Though not strictly rocket science, there is something to be said about study techniques.

To any law student reading this now: if the thought of the Final Examination Part 1 exams make you want to cover your head with a pillow, then fear not.


You are not alone in feeling this way, even among those who are currently attending Blackhall Place, having at long last earned their place and never want to dwell on those exams ever again.


For the vast majority of solicitors recently qualified, the FE-1 examinations are but a distant memory, representing just one more hurdle along the academic road to the legal profession.


Truthfully, they are not the easiest exams to have ever been formulated, but they are not impossible and I would like to share some of my study strategies that helped me through that intensive, gruelling time.


Here are some of my top tips when traversing these crucial exams:


1. Subject Choice


To start with the basics, there are eight subjects that are needed to be passed for the FE-1 exams:


1. Contract;

2. Criminal;

3. Company;

4. Constitutional;

5. Tort;

6. European Union Law;

7. Equity; and

8. Property


For the first sitting of the FE-1 exams, each student is expected to pass three subjects with a mark of 50 per cent or more.


In this regard, it is best to study subjects that you are fairly confident in, but to also take care not to leave the tougher subjects until your second sitting that will cause you undue stress while preparing.


There is nothing like the smell of old books.
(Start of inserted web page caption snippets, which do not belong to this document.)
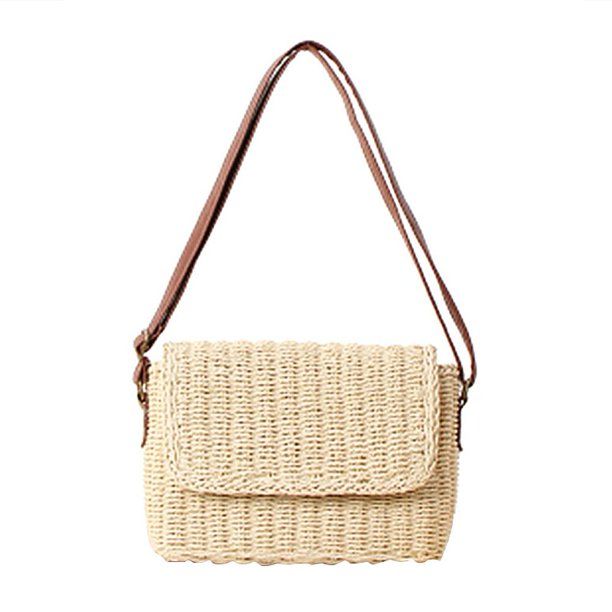 Aktudy Simple Women Flap Shoulder Crossbody Handbag Straw Beach Casual Bag/Beige | Walmart (US)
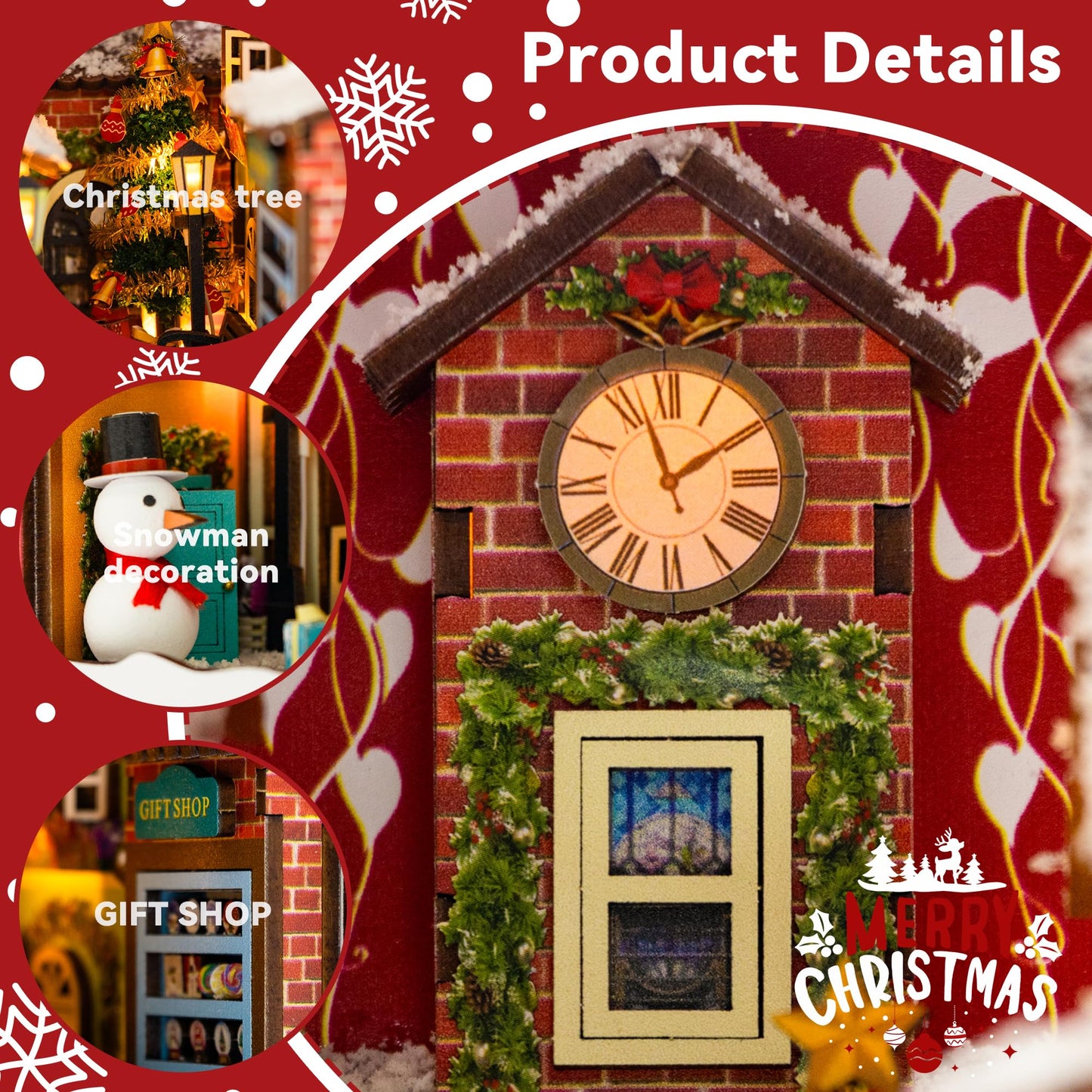 Flever Dollhouse Miniature DIY House Kit – Creative Bookend with Furniture for Romantic Artwork Gift (Winter Christmas)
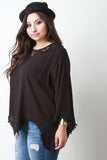 Crochet Lace Trim Long Sleeve Asymmetrical Hem Blouse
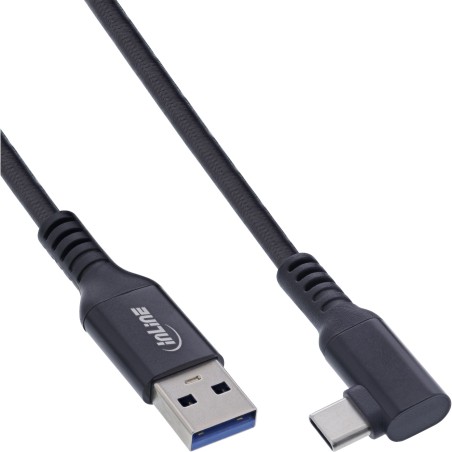 35715V - Câble InLine® USB 3.2 Gen.1, USB-C St coudé - USB-A St pour VR, noir, 5m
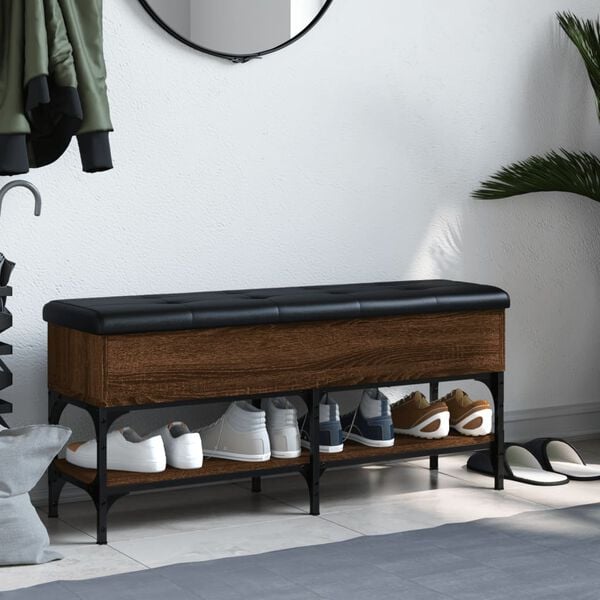 vidaXL Banco sapateira 102x32x45cm derivados madeira carvalho castanho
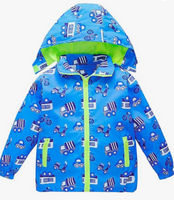 Size 6-7 (120): HZXVic Blue Vehicle Print Zip-Up Windbreaker-NEW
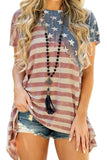 American Flag Asymmetric Blouse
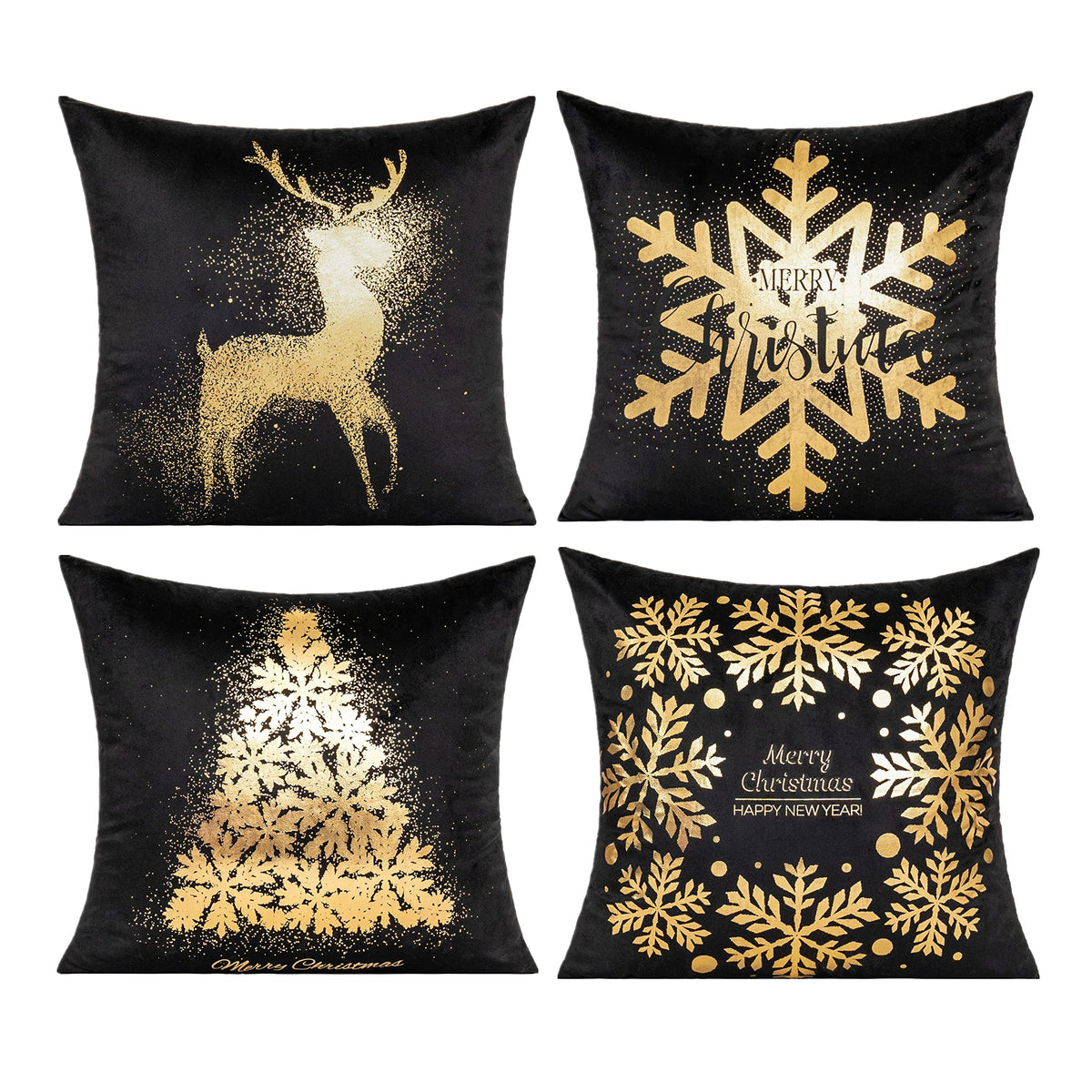 Black Christmas Gold Throw Pillow Covers Xmas Cases Decorations 18X18 Set of 4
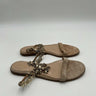Gianvito Rossi Tebe flat suede sandals gold-toned chain-link Beige Size 36 GIANVITO ROSSI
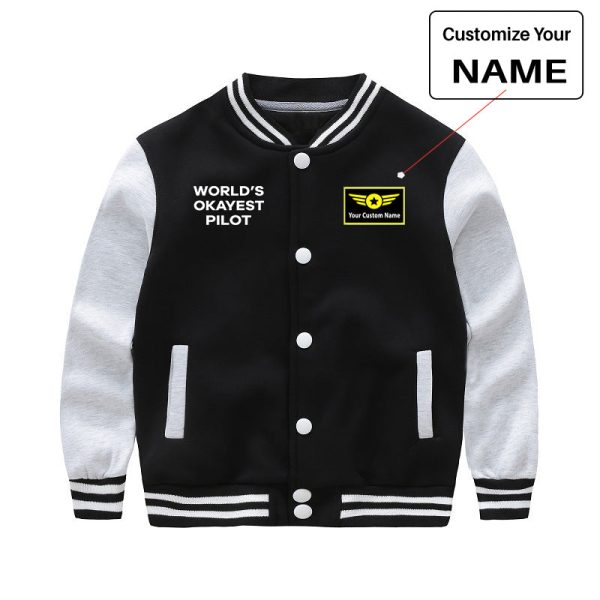 World s Okayest Pilot Designed  CHILDREN  Baseball Jackets Sale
Bibiliophiles may agree with me.

It is preferable to take your first sitting with four subjects just to give yourself some breathing room in passing three or even all of them. Reach for the stars!


Here is another tip about subject choice: E.U. Law and Constitutional Law tend to be the most heavy subjects with larger manuals, so you may prefer to choose either one in your first set of four.


It is entirely up to you how you pick your subjects, but just be aware of the workload of each and how to balance them out.


2. Grind Courses and Tutors

There is nothing better than talking through legal issues and academia in a group.

It can be a great thing to be independent, to do this volume of work under your own steam, but given the difficulty and high costs of applying for these exams, if you are having difficulty in passing or if something is not clicking for you after your first sitting, it is definitely worth it to invest in a preparatory grind course, such as those offered by City Colleges and Griffith College Dublin.


The course provides lectures on each of the subjects and the core topics of each, with past exam questions, exam trends and sample answers which can be used as a guide for case notes and for the structure of a problem question or essay.


I attended the online learning distance course while still living in Cork, and was able to watch the recorded lectures at my leisure with pots of tea and my notes at my side, so this is a great option for anyone living outside of Dublin unable to travel to the city.


In relation to these courses, I would strongly stress to take care with sample answers, to use them as guidance rather than learning them verbatim, because examiners tend to be quite clever in spotting a sample problem question answer if more than ten people in an examination centre have put down the same answer.


City Colleges also hand out night before notes each day during the exams so it is well worth having these to supplement your own notes.


In my personal experience, Property and Equity were my stumbling blocks, and I invested also in an independent tutor to help me tease out any issues that I was having as well as improving my time management which was a great boost to me in my final sittings.


Tutoring can also be especially helpful for anyone who is feeling nervous about any of the subjects and will need that reassurance, or if they prefer to talk the issues through to get clarity for their answers.



3. Practice, practice, practice


A familiar sight for any student. Pages, pages, and more pages.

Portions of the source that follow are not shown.